__Stored data__.
--------------------------------

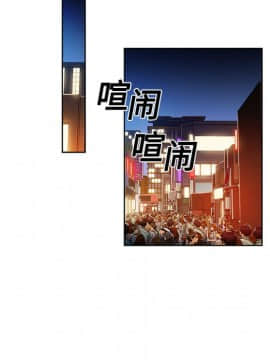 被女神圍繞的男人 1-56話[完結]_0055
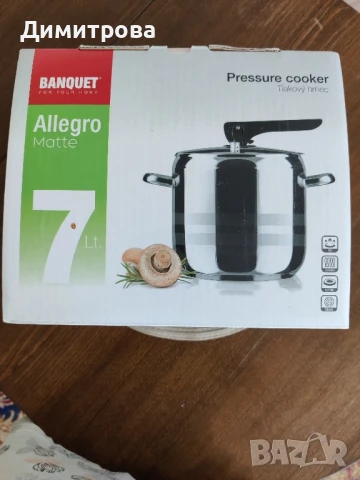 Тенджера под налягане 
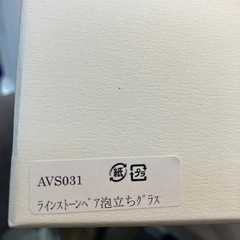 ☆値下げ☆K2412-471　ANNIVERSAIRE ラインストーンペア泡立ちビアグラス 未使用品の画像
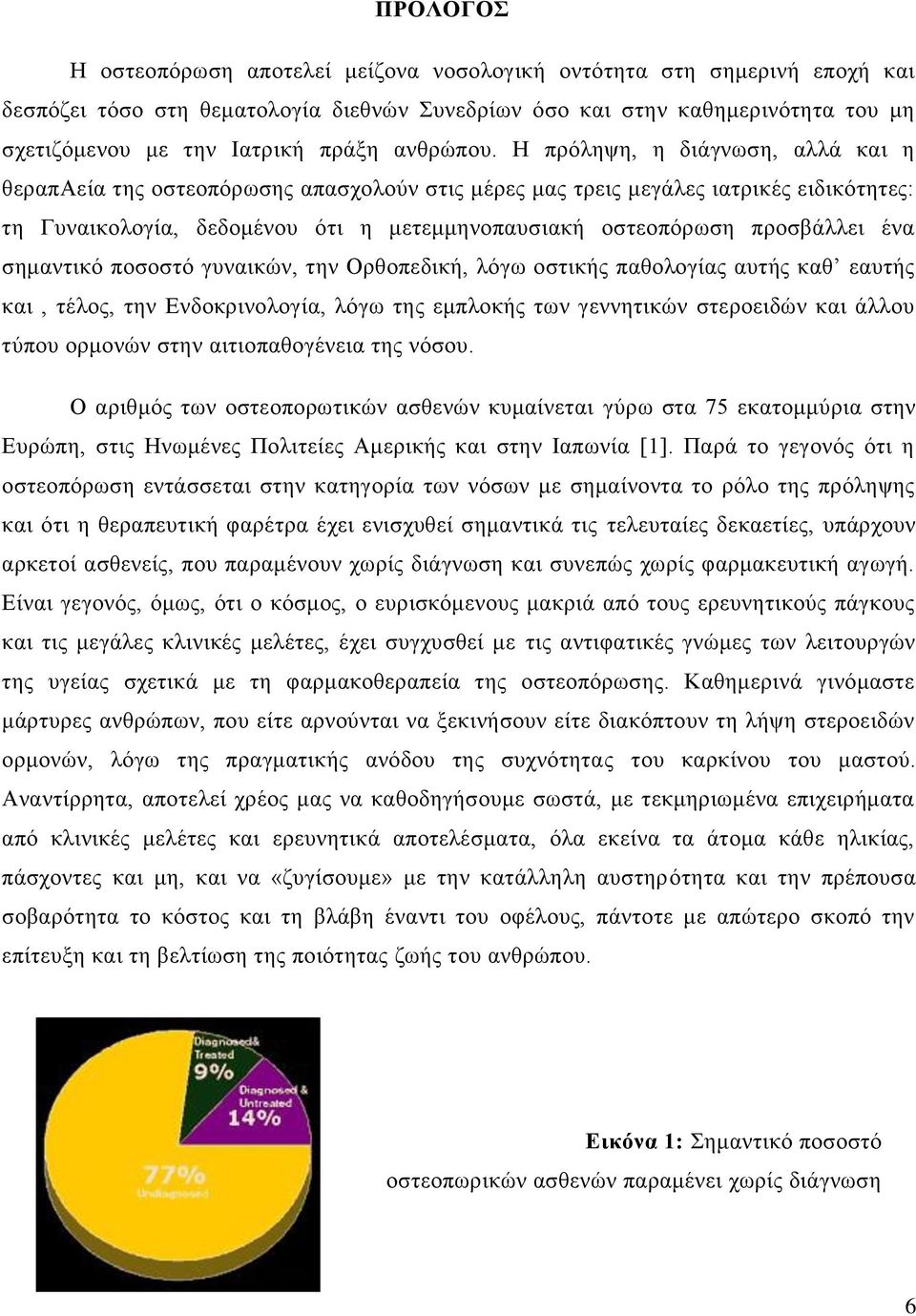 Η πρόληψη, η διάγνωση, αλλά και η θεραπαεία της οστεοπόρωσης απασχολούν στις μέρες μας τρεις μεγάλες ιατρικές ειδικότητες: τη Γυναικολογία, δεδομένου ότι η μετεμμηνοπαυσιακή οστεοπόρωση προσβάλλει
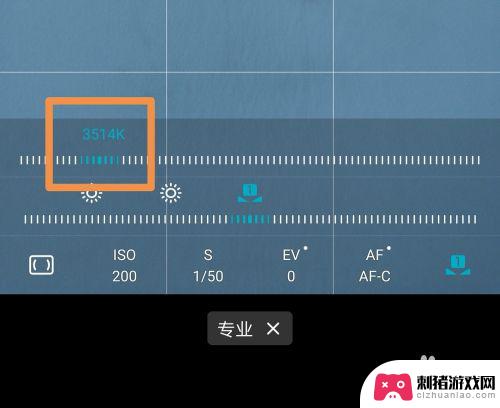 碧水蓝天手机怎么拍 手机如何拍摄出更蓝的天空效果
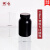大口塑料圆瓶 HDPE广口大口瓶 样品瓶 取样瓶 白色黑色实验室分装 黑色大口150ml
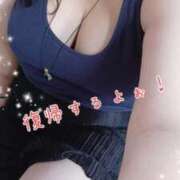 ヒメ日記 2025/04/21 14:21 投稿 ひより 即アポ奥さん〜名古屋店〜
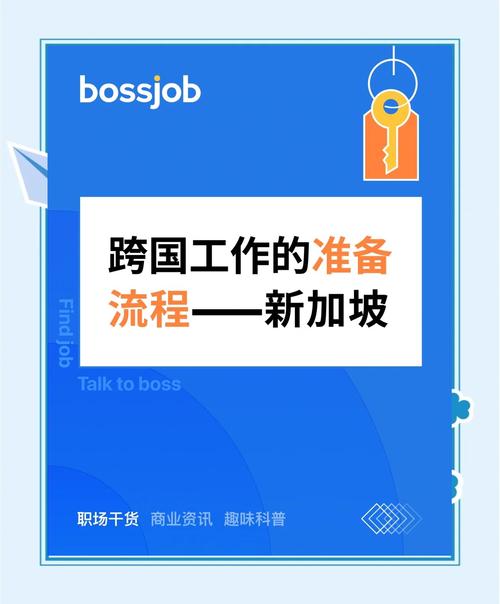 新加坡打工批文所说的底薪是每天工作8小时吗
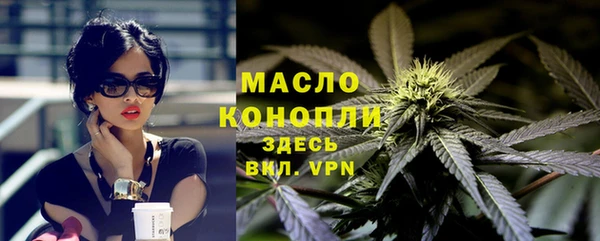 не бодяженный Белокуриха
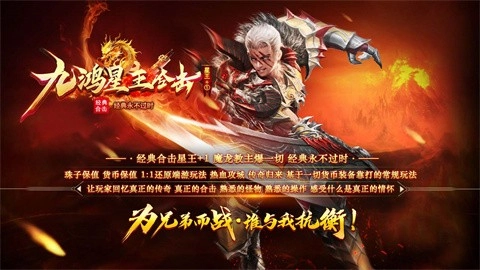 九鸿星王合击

--------------------------------

__WHAT TO WORK ON__. I'd like every record transcribed exactly, with no pictures carried over.

__RESULT FOR THIS TASK__.
 被女神圍繞的男人 1-56話[完結]_0055
 Тенджера под налягане 
 ☆値下げ☆K2412-471　ANNIVERSAIRE ラインストーンペア泡立ちビアグラス 未使用品の画像
 Η πρόληψη, η διάγνωση, αλλά και η θεραπαεία της οστεοπόρωσης απασχολούν στις μέρες μας τρεις μεγάλες ιατρικές ειδικότητες: τη Γυναικολογία, δεδομένου ότι η μετεμμηνοπαυσιακή οστεοπόρωση προσβάλλει
 碧水蓝天手机怎么拍 手机如何拍摄出更蓝的天空效果
大口塑料圆瓶 HDPE广口大口瓶 样品瓶 取样瓶 白色黑色实验室分装 黑色大口150ml
 ヒメ日記 2025/04/21 14:21 投稿 ひより 即アポ奥さん〜名古屋店〜
 新加坡打工批文所说的底薪是每天工作8小时吗
 не бодяженный Белокуриха
 九鸿星王合击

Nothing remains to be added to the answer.